At first I thought there must be something wrong with me to be laughing louder and louder at this pedestrian wipe-out piece, which went up on 2.5. But I couldn’t help it. Partly, I think, because it’s a metaphor for the random cosmic brutality of things. All I know is that the more people who get hit, the funnier this thing is. Partly because getting wiped out like that it a bullshit Hollywood device born of cheap screenwriting sloth, and you can’t help but laugh at that crap. Or spit at it.

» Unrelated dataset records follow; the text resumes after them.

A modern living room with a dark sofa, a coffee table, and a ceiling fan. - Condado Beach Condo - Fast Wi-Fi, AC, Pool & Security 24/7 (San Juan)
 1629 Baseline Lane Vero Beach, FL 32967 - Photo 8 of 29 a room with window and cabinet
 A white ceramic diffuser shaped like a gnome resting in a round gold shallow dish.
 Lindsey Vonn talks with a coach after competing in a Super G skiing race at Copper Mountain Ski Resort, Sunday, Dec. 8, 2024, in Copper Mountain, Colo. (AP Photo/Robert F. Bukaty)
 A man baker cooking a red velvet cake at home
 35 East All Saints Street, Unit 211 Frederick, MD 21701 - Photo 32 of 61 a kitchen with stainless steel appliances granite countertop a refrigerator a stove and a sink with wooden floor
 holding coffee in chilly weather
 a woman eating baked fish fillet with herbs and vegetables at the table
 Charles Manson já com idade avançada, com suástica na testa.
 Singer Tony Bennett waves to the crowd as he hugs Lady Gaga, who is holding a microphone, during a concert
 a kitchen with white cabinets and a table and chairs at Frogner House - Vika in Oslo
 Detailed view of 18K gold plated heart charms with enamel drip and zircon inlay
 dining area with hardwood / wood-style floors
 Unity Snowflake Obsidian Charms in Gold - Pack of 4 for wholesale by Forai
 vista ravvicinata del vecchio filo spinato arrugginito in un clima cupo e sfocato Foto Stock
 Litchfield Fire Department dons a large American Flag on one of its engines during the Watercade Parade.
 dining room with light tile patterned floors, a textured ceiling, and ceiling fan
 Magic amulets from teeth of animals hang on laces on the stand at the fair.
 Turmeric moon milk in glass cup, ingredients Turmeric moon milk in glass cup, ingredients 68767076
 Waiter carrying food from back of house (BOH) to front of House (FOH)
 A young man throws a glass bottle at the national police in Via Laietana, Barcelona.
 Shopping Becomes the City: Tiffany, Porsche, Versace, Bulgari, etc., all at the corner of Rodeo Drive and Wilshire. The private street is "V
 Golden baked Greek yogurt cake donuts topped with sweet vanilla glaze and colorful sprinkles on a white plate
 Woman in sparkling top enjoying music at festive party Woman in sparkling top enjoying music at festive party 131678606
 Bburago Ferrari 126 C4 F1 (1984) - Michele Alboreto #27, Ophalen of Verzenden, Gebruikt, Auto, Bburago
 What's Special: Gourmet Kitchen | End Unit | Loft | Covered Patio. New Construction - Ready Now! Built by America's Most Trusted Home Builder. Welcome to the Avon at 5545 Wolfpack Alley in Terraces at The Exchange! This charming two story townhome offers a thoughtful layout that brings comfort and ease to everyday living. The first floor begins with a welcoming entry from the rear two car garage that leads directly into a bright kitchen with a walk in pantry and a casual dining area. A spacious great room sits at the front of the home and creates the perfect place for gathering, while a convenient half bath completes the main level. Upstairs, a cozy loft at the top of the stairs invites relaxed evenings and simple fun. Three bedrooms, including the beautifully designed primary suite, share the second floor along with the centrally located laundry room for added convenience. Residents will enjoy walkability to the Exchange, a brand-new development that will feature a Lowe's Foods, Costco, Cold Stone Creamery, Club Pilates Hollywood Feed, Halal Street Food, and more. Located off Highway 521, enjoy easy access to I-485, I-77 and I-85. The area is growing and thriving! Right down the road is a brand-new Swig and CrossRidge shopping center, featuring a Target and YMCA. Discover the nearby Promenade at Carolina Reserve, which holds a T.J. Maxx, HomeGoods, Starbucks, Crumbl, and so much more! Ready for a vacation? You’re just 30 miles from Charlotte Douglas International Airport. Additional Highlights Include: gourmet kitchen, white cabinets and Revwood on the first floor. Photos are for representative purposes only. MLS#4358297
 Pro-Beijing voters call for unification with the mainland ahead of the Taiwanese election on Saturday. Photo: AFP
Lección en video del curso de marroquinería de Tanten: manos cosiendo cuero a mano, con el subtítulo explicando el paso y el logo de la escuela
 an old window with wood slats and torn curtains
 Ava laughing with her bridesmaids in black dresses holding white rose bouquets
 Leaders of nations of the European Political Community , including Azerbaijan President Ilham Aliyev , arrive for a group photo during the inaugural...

Anne Hathaway getting hit on her bicycle in One Day, for instance. She’s just going to peddle right into a busy two-lane street after emerging from a quiet side alley, just shoot right into the street without looking? I don’t think so.
One wonders, of course, why some of the bus drivers in some of these sequences hit the brake after impact but never before. Mostly they just slam on through and mow those people down like bowling pins.
I realize, of course, that city dwellers do sometimes get hit by buses and cars. Mostly old people, I’m guessing. In “Sword of Damocles” Lou Reed sang about seeing “a kid get hit by a bus.” Poor Richard Bright got killed by a bus in ’06. But I’ve been a big-city dweller for about 35 years and I’ve never seen anyone get hit or come upon the aftermath of such an accident…not once.
I myself have never come close to getting hit by anyone or anything, ever. I am part cat, part monkey and part coyote on the pavement. My instincts are like lightning. I see and smell everything coming my way before it gets there.